▶ _WHAT TO PRODUCE_
From first line to last, give the material again unchanged.

▶ _RECORDED INFORMATION_

--------------------

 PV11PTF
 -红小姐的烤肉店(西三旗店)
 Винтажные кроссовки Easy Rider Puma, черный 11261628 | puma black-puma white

--------------------

▶ _ANSWER TO THE PROBLEM_
 PV11PTF
 -红小姐的烤肉店(西三旗店)
 Винтажные кроссовки Easy Rider Puma, черный 11261628 | puma black-puma white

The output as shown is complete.